In 2002, Buscaglia began working with automated fingerprint identification system (AFIS) algorithms as a tool for quantification of fingerprint features. She also wanted to explore the possibility of using image-based and other non-minutia-based algorithms for latent print searching and matching in AFIS. In 2004-2005, she served on an internal FBI Laboratory panel to assess the research needs of the latent print discipline, particularly related to the scientific basis of conclusions. That panel laid out a portfolio of research Buscaglia has led over the last decade, resulting in several high-profile publications on latent print decision analysis.
When Buscaglia began to work in biometrics she was introduced as a “research chemist” when delivering presentations at conferences. She often found herself explaining why a chemist was doing biometrics. “My career path in biometrics is atypical of many in the field,” she explains. “My formal education – bachelor’s and master’s degrees – are in forensic science (criminalistics, in particular) with an emphasis on trace chemical composition and microscopy of trace evidentiary materials.”
Buscaglia completed her PhD in 1999, with a dissertation also in the area of trace elemental analysis of materials. Prior to joining the FBI Laboratory, she worked for almost a decade in academia and as a consultant for both private- and public-sector forensic, environmental, and industrial hygiene laboratories. “Because of my strong foundation in forensic science — including pattern evidence analysis, research and statistics — I was assigned to assist with latent print research in response to court challenges to the foundations of the discipline.”
She now has more than 18 years with the FBI Laboratory’s CFSRU and nearly 14 years in biometrics research. Much of her biometric research has been supported through collaboration with the FBI Criminal Justice Information Systems Division Biometrics Center of Excellence.
“In addition to biometric research in latent prints, I have led research for more than 10 years in the use of handwriting as a biometric, and in the development and testing of an automated handwriting identification system — FLASH ID — which is now deployed in the FBI Laboratory Questioned Documents Unit,” she adss.
Buscaglia says her proudest accomplishment in biometrics is leading the FBI Laboratory “Black Box” latent print examiner decision analysis study, which quantified the accuracy, repeatability and reproducibility of LPE decisions. Black Box was the first, large-scale study to estimate error rates for latent print examiners.
“Our first manuscript from this study was published in the Proceedings of the National Academy of Sciences and introduced as evidence in trial the day after its electronic publication,” she says. “It is both rare and gratifying to see that kind of immediate impact and transitioning of our research into practice.”
This ongoing portfolio of research, with the follow-on “White Box” study, has resulted in several publications and has been part of nearly every criminal case involving challenges to fingerprint evidence, supporting the continued scientific admissibility of biometric fingerprint evidence in court.
The Black Box and White Box research has been frequently cited by the judiciary system, the Department of Justice Inspector General, and in the scientific literature.
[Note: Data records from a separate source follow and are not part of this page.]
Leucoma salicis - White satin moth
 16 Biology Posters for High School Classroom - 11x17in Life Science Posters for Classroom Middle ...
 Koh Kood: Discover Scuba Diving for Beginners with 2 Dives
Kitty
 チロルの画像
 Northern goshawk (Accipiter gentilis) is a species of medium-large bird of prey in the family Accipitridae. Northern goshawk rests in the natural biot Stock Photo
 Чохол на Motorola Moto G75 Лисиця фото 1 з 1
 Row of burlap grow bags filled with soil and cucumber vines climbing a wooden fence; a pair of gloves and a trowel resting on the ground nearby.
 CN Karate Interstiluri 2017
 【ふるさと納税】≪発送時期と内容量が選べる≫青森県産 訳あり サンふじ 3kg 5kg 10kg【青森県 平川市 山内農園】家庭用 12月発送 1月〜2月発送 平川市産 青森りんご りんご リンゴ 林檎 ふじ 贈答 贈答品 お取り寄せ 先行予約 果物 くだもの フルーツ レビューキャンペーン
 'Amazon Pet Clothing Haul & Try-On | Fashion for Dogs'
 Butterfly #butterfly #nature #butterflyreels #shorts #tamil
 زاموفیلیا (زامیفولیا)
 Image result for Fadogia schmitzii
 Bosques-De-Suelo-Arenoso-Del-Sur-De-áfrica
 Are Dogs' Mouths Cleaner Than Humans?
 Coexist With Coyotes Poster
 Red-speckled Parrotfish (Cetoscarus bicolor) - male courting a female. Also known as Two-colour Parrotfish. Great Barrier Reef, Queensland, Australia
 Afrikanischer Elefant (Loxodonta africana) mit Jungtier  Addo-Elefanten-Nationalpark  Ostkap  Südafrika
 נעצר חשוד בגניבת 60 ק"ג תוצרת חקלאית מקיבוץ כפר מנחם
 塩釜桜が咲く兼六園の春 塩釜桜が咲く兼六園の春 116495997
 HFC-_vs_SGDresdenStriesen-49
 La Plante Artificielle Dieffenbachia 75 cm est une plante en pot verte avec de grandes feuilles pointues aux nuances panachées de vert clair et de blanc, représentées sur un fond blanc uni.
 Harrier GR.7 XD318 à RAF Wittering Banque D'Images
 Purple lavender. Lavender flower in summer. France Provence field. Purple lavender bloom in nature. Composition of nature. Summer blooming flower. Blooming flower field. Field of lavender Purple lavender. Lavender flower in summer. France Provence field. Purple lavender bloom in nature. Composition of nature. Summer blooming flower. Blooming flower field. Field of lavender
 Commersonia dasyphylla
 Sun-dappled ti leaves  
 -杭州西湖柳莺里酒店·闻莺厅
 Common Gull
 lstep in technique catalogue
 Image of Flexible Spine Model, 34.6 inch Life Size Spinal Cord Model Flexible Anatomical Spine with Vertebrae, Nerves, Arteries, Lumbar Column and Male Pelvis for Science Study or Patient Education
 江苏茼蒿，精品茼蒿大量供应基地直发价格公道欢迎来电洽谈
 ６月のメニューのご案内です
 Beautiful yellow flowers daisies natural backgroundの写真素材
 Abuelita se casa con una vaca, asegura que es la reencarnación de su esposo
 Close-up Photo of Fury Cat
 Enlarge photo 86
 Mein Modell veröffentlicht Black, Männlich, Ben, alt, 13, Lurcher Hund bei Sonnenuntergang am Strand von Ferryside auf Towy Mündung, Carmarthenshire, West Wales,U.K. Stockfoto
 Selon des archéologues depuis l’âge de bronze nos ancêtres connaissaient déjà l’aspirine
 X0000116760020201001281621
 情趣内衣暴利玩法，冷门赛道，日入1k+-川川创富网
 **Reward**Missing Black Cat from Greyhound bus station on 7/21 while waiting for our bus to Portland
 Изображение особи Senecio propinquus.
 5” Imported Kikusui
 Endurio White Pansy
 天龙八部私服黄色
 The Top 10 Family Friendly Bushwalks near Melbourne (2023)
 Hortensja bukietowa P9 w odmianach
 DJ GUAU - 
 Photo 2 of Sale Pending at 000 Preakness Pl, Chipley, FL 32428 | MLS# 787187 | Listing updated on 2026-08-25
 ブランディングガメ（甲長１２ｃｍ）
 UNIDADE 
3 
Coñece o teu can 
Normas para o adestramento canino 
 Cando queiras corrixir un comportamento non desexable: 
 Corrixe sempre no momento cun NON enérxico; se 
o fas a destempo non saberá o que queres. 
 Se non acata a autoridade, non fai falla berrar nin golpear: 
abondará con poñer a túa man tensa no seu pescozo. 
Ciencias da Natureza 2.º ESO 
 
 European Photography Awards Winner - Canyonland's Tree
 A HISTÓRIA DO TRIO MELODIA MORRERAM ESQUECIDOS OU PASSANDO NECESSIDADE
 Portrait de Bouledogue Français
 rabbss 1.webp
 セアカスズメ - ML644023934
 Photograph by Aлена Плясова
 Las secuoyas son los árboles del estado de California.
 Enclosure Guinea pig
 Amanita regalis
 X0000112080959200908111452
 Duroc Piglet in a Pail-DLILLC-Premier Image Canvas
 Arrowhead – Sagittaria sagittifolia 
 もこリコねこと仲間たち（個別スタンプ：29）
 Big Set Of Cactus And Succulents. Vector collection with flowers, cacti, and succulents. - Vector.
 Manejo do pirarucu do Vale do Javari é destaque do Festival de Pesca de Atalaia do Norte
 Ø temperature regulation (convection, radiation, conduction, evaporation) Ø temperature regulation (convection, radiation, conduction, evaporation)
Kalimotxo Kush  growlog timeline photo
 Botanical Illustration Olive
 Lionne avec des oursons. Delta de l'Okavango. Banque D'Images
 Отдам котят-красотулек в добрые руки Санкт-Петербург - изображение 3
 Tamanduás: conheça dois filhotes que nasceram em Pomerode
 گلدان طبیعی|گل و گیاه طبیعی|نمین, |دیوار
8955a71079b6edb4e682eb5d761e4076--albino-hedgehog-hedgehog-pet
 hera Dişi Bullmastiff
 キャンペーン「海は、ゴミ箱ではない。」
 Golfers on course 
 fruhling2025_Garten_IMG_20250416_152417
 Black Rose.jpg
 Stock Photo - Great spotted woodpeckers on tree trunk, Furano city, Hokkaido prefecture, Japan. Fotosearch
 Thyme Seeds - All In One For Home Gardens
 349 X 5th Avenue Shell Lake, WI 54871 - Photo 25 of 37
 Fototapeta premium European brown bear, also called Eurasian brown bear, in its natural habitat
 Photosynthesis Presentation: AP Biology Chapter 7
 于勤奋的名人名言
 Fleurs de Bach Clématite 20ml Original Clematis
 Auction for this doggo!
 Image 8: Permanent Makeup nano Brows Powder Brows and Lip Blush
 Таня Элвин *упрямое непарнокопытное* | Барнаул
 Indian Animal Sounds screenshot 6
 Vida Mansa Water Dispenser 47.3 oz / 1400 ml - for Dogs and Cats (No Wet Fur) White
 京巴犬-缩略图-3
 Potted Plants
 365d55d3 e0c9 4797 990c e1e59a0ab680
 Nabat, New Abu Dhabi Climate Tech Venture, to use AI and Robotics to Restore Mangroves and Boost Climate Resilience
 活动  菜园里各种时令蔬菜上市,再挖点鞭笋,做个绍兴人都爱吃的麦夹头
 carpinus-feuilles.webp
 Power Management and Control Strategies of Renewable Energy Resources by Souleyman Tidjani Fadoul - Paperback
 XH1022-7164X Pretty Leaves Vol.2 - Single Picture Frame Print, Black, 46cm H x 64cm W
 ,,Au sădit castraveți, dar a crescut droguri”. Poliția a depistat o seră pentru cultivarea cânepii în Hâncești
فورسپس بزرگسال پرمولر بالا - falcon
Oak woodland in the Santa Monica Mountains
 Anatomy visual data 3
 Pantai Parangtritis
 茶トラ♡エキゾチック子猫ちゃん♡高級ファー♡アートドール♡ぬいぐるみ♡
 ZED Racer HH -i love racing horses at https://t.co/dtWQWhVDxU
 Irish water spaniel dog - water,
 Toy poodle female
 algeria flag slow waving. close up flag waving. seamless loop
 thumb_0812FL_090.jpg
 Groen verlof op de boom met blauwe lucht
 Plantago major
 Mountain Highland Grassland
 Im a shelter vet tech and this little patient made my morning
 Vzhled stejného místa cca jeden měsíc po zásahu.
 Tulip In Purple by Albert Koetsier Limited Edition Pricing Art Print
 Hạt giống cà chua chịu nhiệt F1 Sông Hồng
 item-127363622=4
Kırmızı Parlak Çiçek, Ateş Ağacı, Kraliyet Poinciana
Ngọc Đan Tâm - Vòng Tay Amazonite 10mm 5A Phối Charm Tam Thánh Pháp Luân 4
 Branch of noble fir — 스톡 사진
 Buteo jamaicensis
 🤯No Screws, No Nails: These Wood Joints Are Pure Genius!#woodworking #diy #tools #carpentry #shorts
Most recently, our work was recognized by the White House Office of Science and Technology-sponsored President’s Council of Advisors on Science and Technology (PCAST) in its September 2016 “Report to the President – Forensic Science in Criminal Courts: Ensuring the Scientific Validity of Feature-Based Comparison Methods.”
The PCAST report cited her publications extensively and concluded that, “…the FBI Laboratory’s studies have significantly advanced the field.” It has been an honor to lead such a highly qualified, dedicated research team and rewarding to see the impact of our work on criminal justice and security.